The Alliance Defending Freedom, which represented the Colorado baker in the now famous anti-LGBT Supreme Court decision in the Masterpiece Cakeshop case, and the Liberty Counsel accused the D.C.-based National LGBT Bar Association of fomenting anti-religious bias.
“It is shameful that an association of lawyers wants to shut the courthouse doors to millions of Americans who believe in natural marriage and who oppose the anti-religious freedom agenda of some LGBT activists,” said Mat Staver, founder and chairman of the Liberty Counsel.
“The courthouse should be open to all, no matter your beliefs,” Staver said in the joint statement. “The LGBT Bar Association is upset because Liberty Counsel and ADF are winning many important cases all the way up to the U.S. Supreme Court,” he said.
“They might as well extend their so-called boycott to the justices on the High Court,” he added. “Their boycott is that ridiculous.”
Staver and the two groups were reacting to a nationwide initiative launched by the National LGBT Bar Association in July called the Commit to Inclusion Campaign.
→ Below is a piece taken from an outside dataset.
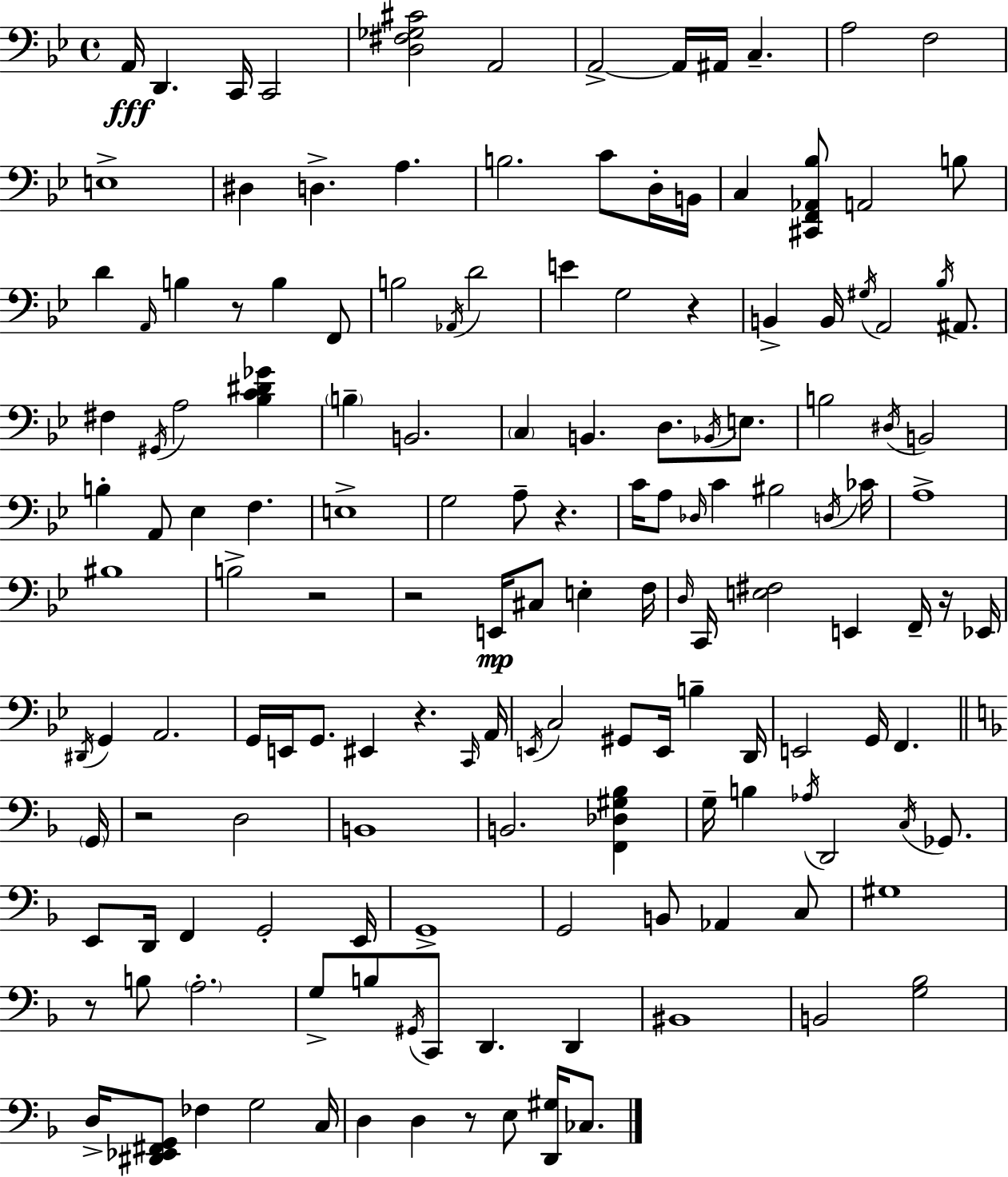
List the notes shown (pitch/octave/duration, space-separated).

The campaign calls on lawyers and law firms to sign an online pledge not to provide pro bono, or free, legal services to Liberty Counsel and Alliance Defending Freedom or any of their respective clients.
“This campaign is a call to action to warn attorneys about the anti-LGBT legal groups and their dangerous and strategic efforts to chip away at legal protections for LGBT people,” said D’Arcy Kemnitz, executive director of the National LGBT Bar Association in a statement.
“We are imploring the legal profession to hold back pro bono resources that would help these groups advance their discriminatory agenda,” Kemnitz said. “When you help anti-LGBT legal groups – even on matters not relating to LGBT issues – you hurt LGBT people,” she said.
Kemnitz told the Washington Blade this week that Alliance Defending Freedom is currently calling on the Supreme Court to take a case from the Sixth Circuit U.S. Court of Appeals, which has acknowledged that an existing federal civil rights law protects transgender people from employment discrimination. She noted the anti-LGBT group’s involvement in the case is one of ADF’s and Liberty Counsel’s many efforts to overturn LGBT supportive court rulings.
“There have been times when larger law firms have taken on pro bono work for these groups on cases that weren’t directly LGBT related,” Kemnitz told the Washington Blade. “These groups promote a deliberate strategy to harm LGBT people in all sectors of their lives,” she said. “Helping the ADF/LC in any type of case strengthens them as they continue to hurt LGBT people.”
The National LGBT Bar Association, which is an official affiliate of the American Bar Association, says its members include lawyers, judges, other legal professionals, law students, activists and affiliated LGBT legal organizations.